### DATA RECORDS

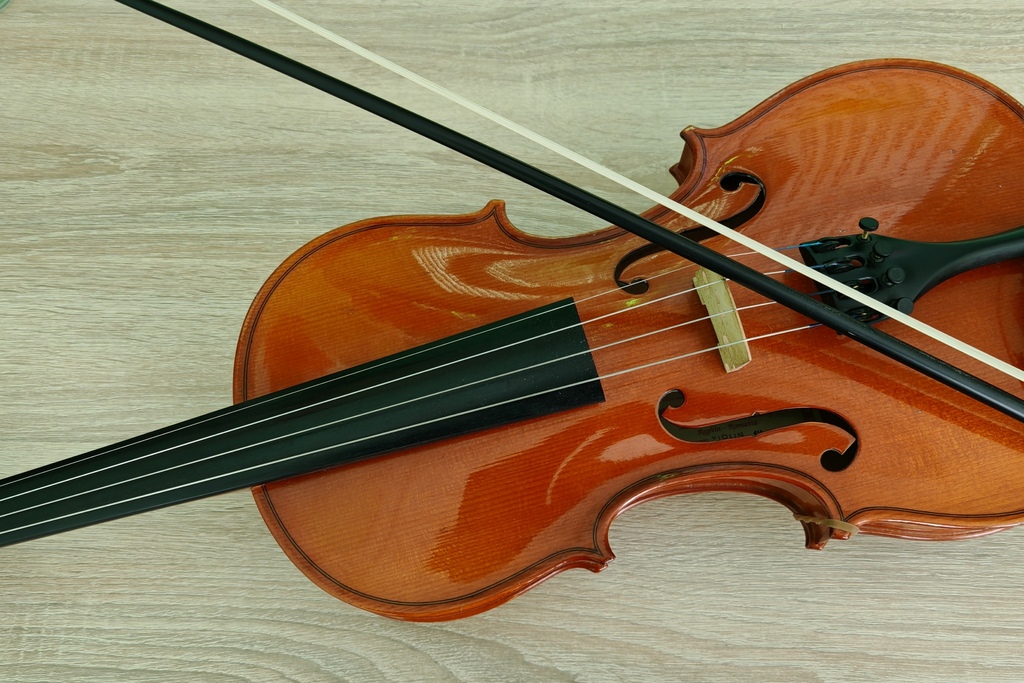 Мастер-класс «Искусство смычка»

* * *

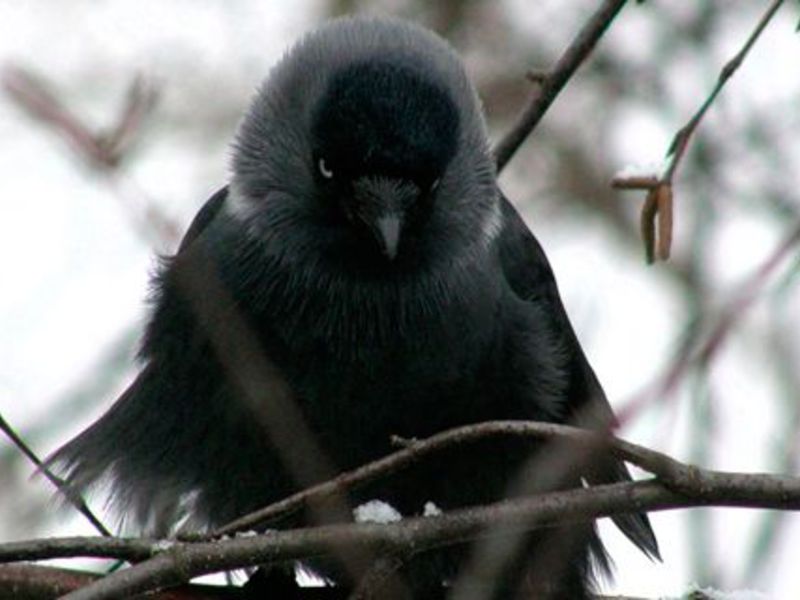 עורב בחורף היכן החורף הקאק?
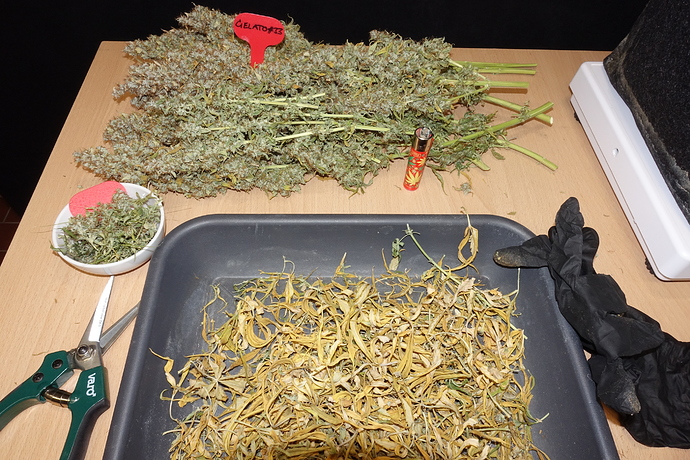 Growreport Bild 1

==

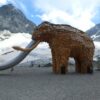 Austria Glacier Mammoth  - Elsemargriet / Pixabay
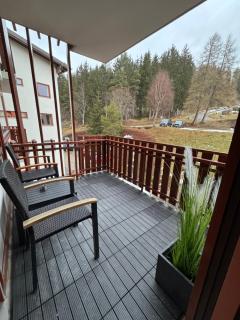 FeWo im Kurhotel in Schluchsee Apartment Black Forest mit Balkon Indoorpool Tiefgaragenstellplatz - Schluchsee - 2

### WHAT IS EXPECTED
Return only the part above that opens with the line containing "Austria Glacier Mammoth" and closes with the line containing "FeWo im Kurhotel", exactly and with both ends, skipping the pictures.

### WRITTEN RESPONSE
 Austria Glacier Mammoth  - Elsemargriet / Pixabay
 FeWo im Kurhotel in Schluchsee Apartment Black Forest mit Balkon Indoorpool Tiefgaragenstellplatz - Schluchsee - 2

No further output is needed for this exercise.